Exercise description :: Word for word, write out the entries that follow, omitting all pictures.

##### Records to use #####

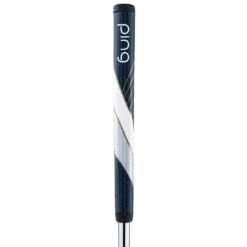 Ping Women's G Le3 Louise Putter -Elite Golf Shop ping womens gle putter grip itempicture 2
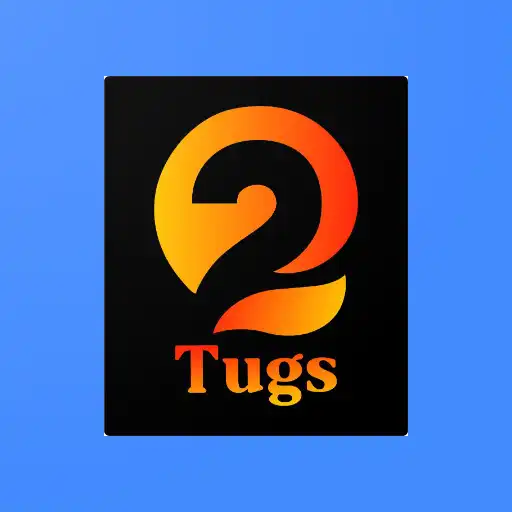 Play Two Tugs APK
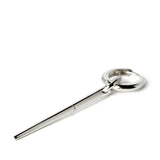 PARTS OF FOUR - Hoop Earring v2 (Extra Small, Mini Spike, PA)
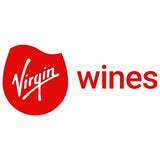 Le Terrain de Jeu des Artistes Rose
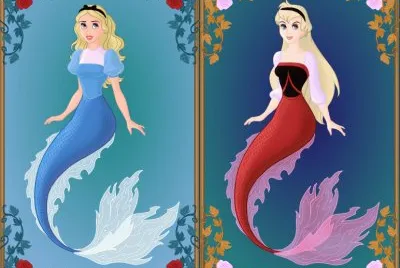 Alice Eilonwy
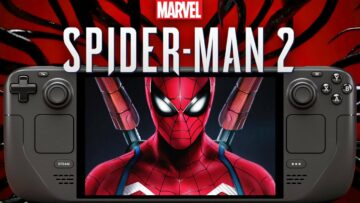 [ID: okaxYC8zzP0] Youtube Automatic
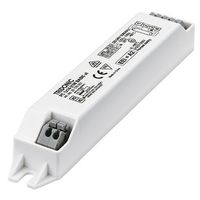 TRIDONIC Vorschaltgerät PC 1x 18 -24W T5/T8 22176000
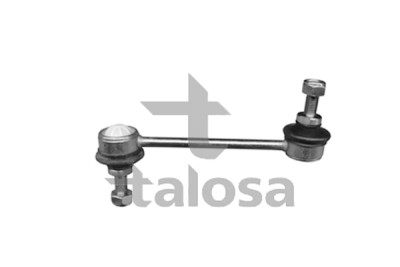 Entretoise/tige, stabilisateur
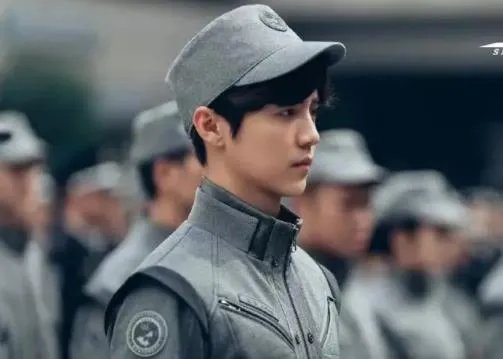 金扫帚奖提名名单公布 名单上面竟然有他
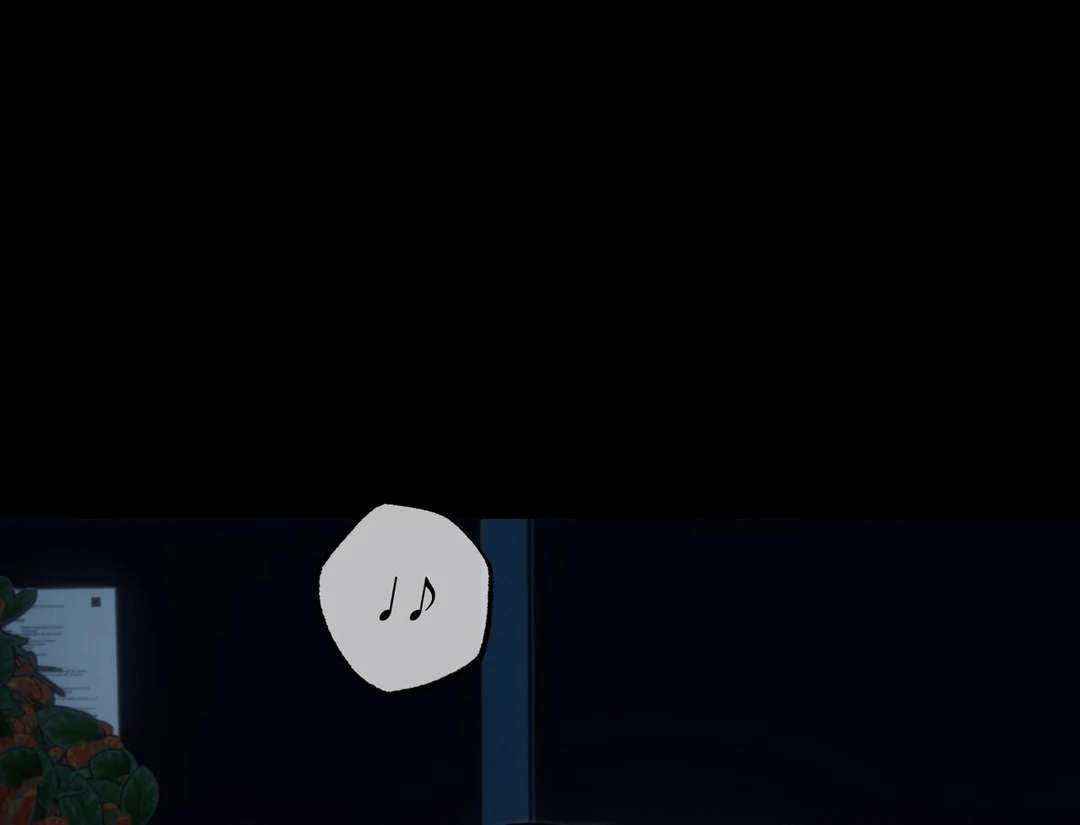 Read Happy Twogether chapter 11 image 51 on Lezhin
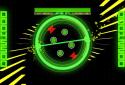 Dropchord screenshot 9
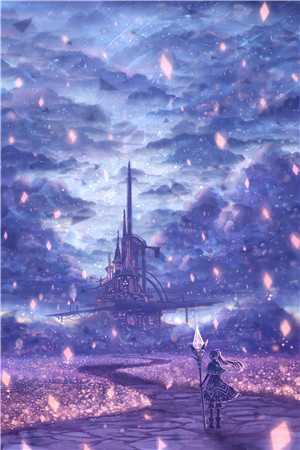 偏执大佬请离我远点完结版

#####

Answer box ::
 Ping Women's G Le3 Louise Putter -Elite Golf Shop ping womens gle putter grip itempicture 2
 Play Two Tugs APK
 PARTS OF FOUR - Hoop Earring v2 (Extra Small, Mini Spike, PA)
 Le Terrain de Jeu des Artistes Rose
 Alice Eilonwy
 [ID: okaxYC8zzP0] Youtube Automatic
 TRIDONIC Vorschaltgerät PC 1x 18 -24W T5/T8 22176000
 Entretoise/tige, stabilisateur
 金扫帚奖提名名单公布 名单上面竟然有他
 Read Happy Twogether chapter 11 image 51 on Lezhin
 Dropchord screenshot 9
 偏执大佬请离我远点完结版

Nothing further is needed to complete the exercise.